A xercesc api access for a digest ?

Within any of the the DOM/etc frameworks that Xercesc implements, is there a digest of a DOMDocument available, or will I have to write the document out and then digest it myself?
Primarily, I am looking for a means of being able to identify if a particular DOMDocument is the same as another as a part of a rapid-access hashmap - so I need something that is fast.
Typically, there will be not more than a few hundred hashmap insertions, of which 80% will be insertion clashes (duplicate documents), but there will be hundreds of thousands of finds.

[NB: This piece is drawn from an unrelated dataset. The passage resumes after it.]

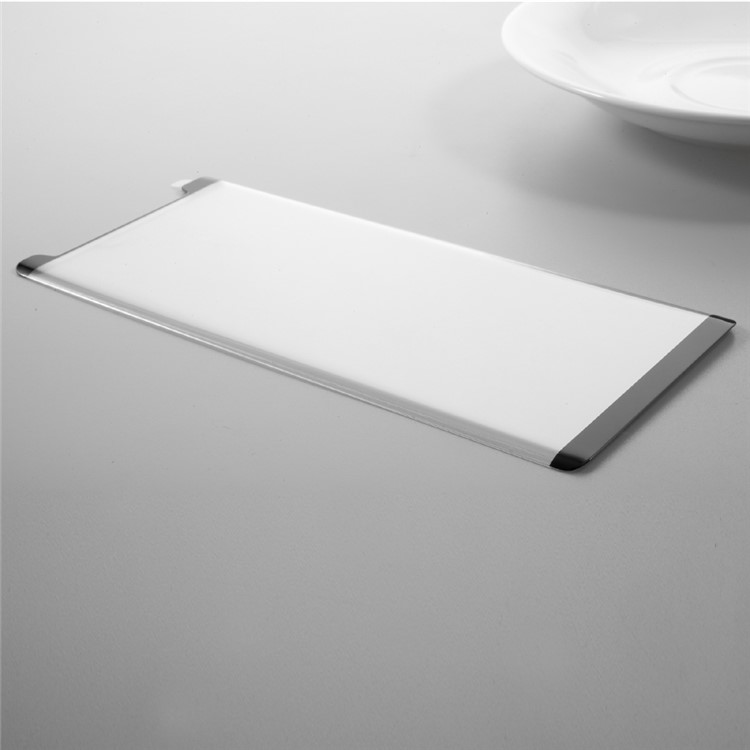 Full Size Tempered Glass Screen Protector Film (Opening on Top) for Samsung Galaxy Note 8 - Black-3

So, my current implementation involves digesting each hashmap candidate, which entails having to write it out.  (This is necessary so as to ensure that the encoding is consistent - the sources use inconsistent encodings, and they cannot be preprocessed, as some of them are availalble via eg URLs )

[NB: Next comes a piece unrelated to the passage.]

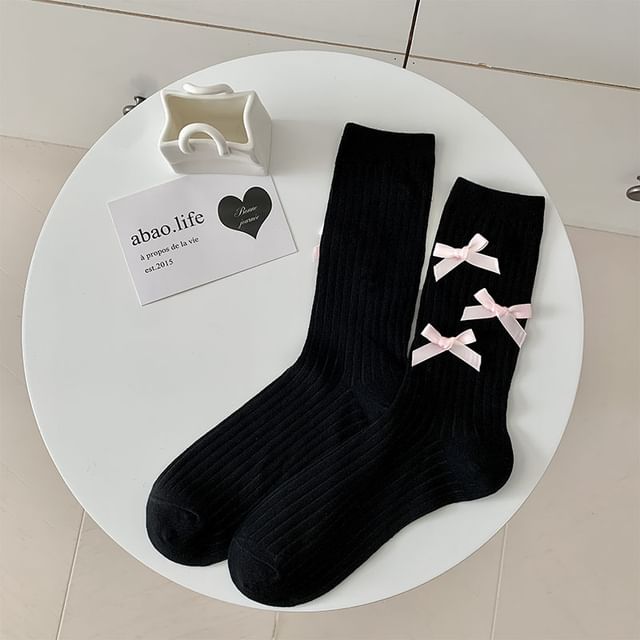 Bowknot Crew Socks SpreePicky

Re: A xercesc api access for a digest ?

Posted by Ben Griffin <be...@redsnapper.net>.

Jesse, thanks for that.

"Write it out" :- Yes, I meant serialize.  
For our purposes, the problems of canonicalization should be sorted, as we have already done some normalisation of our DOMDocuments,
so I will probably stay with the current approach. However it's a shame (IMO) that DOM API cannot return some sort of signature :D

On 6 May 2011, at 14:17, Jesse Pelton wrote:

> XML Digital Signature requires a rigorous solution to the
> canonicalization problem in order to make hashing work.  (See
> http://www.w3.org/TR/2008/REC-xmldsig-core-20080610/ and
> http://www.w3.org/TR/2001/REC-xml-c14n-20010315.)  One implementation is
> Apache Santuario (http://santuario.apache.org/cindex.html).  It might be
> useful.
> 
> If you decide to do your own thing, it's worth reviewing the DSig spec
> to make sure you handle all the cases.
> 
> You'll need to do some sort of serialization in order to do a hash.
> "Write it out" sounds like you mean to write to disk, which is not
> necessary.

RE: A xercesc api access for a digest ?

Posted by Jesse Pelton <js...@PKC.com>.

XML Digital Signature requires a rigorous solution to the
canonicalization problem in order to make hashing work.  (See
http://www.w3.org/TR/2008/REC-xmldsig-core-20080610/ and
http://www.w3.org/TR/2001/REC-xml-c14n-20010315.)  One implementation is
Apache Santuario (http://santuario.apache.org/cindex.html).  It might be
useful.

If you decide to do your own thing, it's worth reviewing the DSig spec
to make sure you handle all the cases.

You'll need to do some sort of serialization in order to do a hash.
"Write it out" sounds like you mean to write to disk, which is not
necessary.

-----Original Message-----
From: Ben Griffin [mailto:ben@redsnapper.net] 
Sent: Friday, May 06, 2011 9:03 AM
To: c-users@xerces.apache.org
Subject: A xercesc api access for a digest ?

Within any of the the DOM/etc frameworks that Xercesc implements, is
there a digest of a DOMDocument available, or will I have to write the
document out and then digest it myself?
Primarily, I am looking for a means of being able to identify if a
particular DOMDocument is the same as another as a part of a
rapid-access hashmap - so I need something that is fast.
Typically, there will be not more than a few hundred hashmap insertions,
of which 80% will be insertion clashes (duplicate documents), but there
will be hundreds of thousands of finds.

So, my current implementation involves digesting each hashmap candidate,
which entails having to write it out.  (This is necessary so as to
ensure that the encoding is consistent - the sources use inconsistent
encodings, and they cannot be preprocessed, as some of them are
availalble via eg URLs )